### Work item:
Each line below with the word "standard" needs to be copied.

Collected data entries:
== Segment start ==

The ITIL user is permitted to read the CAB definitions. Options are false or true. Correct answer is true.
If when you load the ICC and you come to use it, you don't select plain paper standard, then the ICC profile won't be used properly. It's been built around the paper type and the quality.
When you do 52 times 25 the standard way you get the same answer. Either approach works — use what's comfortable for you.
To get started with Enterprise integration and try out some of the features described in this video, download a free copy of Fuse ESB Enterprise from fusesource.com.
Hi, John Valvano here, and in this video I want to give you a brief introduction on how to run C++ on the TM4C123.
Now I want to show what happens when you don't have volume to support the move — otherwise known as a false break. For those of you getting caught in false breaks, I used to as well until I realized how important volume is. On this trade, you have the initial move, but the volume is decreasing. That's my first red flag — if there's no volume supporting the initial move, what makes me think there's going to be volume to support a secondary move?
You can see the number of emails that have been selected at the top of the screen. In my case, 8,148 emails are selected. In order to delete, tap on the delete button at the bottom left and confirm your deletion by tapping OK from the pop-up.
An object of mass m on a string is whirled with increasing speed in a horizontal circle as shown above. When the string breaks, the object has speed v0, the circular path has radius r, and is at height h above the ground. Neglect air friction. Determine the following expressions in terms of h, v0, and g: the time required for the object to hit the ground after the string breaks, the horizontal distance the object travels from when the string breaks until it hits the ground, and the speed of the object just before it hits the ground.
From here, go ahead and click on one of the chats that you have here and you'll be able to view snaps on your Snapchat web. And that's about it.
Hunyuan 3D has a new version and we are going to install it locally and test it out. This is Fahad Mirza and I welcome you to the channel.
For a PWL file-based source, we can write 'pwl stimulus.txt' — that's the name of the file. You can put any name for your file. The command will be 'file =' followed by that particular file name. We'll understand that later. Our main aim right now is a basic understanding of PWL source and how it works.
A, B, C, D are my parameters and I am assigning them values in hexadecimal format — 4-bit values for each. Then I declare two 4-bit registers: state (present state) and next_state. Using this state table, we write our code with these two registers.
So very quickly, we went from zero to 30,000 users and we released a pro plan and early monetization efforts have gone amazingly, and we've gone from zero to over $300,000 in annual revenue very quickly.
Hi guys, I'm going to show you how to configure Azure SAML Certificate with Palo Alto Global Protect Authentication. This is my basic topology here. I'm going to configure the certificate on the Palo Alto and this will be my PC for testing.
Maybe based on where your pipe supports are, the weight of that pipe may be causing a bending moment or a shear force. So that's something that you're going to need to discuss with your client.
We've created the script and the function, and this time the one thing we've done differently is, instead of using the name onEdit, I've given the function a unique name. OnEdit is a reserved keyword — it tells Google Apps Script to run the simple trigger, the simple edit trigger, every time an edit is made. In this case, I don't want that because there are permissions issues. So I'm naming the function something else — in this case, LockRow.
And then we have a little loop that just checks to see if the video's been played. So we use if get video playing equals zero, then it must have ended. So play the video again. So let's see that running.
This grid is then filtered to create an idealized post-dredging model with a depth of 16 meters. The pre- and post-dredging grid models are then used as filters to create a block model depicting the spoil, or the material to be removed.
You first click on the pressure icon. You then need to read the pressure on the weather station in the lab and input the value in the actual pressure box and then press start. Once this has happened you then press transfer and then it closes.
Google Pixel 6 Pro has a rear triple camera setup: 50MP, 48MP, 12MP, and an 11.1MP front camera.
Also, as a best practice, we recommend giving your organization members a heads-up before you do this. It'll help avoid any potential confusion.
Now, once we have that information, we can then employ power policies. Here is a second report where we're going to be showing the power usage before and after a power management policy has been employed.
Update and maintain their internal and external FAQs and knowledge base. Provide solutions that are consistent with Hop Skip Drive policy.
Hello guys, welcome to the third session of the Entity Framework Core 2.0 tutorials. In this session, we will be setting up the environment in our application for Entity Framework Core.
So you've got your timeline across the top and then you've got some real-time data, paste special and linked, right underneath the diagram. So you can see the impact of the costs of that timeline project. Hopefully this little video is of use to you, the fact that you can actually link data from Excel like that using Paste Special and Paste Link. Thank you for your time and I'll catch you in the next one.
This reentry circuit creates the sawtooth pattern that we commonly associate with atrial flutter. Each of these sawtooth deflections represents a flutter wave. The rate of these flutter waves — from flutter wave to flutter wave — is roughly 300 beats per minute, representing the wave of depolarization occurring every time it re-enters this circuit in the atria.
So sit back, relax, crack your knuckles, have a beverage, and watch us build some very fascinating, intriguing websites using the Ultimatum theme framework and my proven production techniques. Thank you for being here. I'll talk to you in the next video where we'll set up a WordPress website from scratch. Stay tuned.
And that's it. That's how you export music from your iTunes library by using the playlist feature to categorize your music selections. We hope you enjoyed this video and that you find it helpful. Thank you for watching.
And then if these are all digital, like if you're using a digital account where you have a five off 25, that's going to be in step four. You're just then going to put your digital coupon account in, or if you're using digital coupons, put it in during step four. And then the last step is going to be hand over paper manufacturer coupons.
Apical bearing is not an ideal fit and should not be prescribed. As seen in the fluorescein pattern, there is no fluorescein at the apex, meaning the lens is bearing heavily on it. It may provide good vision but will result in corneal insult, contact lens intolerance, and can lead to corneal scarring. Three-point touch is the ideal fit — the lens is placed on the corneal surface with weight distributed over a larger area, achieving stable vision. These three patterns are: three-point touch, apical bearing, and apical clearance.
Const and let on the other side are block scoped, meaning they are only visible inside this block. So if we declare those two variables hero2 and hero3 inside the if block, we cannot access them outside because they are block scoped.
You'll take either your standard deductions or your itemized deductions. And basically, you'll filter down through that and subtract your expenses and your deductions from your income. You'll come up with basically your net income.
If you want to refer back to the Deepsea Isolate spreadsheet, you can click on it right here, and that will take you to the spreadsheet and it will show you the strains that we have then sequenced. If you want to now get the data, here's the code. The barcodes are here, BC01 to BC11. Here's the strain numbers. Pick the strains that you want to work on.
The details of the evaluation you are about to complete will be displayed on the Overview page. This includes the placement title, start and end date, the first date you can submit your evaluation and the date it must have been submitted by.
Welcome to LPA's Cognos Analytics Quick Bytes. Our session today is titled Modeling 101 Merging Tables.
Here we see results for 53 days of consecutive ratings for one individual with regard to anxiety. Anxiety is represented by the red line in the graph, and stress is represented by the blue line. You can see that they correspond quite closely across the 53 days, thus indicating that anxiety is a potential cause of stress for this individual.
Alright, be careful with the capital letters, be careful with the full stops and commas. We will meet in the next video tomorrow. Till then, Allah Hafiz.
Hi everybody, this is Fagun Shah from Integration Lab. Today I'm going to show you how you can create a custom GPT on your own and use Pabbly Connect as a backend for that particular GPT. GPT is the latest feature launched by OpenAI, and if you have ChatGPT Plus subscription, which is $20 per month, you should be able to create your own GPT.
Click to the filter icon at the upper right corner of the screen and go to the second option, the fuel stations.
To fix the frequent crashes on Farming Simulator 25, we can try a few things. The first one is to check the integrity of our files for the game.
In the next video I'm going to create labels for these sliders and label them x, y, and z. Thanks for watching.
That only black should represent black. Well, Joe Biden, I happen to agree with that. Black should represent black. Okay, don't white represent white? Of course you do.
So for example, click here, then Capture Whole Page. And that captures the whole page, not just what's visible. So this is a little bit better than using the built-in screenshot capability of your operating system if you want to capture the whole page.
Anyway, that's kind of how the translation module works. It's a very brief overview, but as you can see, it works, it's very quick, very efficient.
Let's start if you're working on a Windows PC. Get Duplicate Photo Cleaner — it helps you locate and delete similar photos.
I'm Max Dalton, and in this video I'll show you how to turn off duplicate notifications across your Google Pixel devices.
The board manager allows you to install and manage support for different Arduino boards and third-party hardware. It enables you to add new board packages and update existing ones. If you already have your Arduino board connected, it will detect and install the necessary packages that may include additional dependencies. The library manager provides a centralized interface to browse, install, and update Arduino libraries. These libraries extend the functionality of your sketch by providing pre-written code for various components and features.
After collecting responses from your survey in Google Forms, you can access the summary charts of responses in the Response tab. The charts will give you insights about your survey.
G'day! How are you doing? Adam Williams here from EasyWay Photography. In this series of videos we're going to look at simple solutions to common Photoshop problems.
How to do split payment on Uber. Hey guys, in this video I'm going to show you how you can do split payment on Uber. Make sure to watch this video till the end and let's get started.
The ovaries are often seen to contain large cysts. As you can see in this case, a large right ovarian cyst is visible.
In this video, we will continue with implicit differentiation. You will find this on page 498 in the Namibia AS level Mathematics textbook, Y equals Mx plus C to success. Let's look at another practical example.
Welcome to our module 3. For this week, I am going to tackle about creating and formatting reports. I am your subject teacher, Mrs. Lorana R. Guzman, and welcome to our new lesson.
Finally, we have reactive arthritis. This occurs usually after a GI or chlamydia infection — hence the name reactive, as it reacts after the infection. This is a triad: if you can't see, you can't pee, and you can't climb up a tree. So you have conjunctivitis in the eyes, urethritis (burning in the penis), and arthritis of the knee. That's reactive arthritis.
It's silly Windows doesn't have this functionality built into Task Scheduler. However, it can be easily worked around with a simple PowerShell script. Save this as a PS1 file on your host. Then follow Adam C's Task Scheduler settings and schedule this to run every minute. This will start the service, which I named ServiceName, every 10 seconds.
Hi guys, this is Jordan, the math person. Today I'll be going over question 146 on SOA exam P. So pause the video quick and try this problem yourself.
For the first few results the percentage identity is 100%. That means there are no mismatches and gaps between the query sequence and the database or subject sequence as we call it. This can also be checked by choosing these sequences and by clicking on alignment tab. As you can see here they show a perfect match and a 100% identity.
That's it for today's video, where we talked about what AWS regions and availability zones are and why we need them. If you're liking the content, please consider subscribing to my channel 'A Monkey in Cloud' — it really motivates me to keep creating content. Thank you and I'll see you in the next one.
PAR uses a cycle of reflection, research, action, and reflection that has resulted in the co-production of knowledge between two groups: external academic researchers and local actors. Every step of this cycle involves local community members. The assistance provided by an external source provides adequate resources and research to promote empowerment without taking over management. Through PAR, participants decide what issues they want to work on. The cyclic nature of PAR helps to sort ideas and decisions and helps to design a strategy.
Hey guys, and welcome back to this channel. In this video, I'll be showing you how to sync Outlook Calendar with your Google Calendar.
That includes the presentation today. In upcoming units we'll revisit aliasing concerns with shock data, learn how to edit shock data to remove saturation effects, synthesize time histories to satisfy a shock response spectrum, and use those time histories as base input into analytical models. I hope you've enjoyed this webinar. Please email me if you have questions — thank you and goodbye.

== Segment end ==

### Exercise answer:
If when you load the ICC and you come to use it, you don't select plain paper standard, then the ICC profile won't be used properly. It's been built around the paper type and the quality.
When you do 52 times 25 the standard way you get the same answer. Either approach works — use what's comfortable for you.
You'll take either your standard deductions or your itemized deductions. And basically, you'll filter down through that and subtract your expenses and your deductions from your income. You'll come up with basically your net income.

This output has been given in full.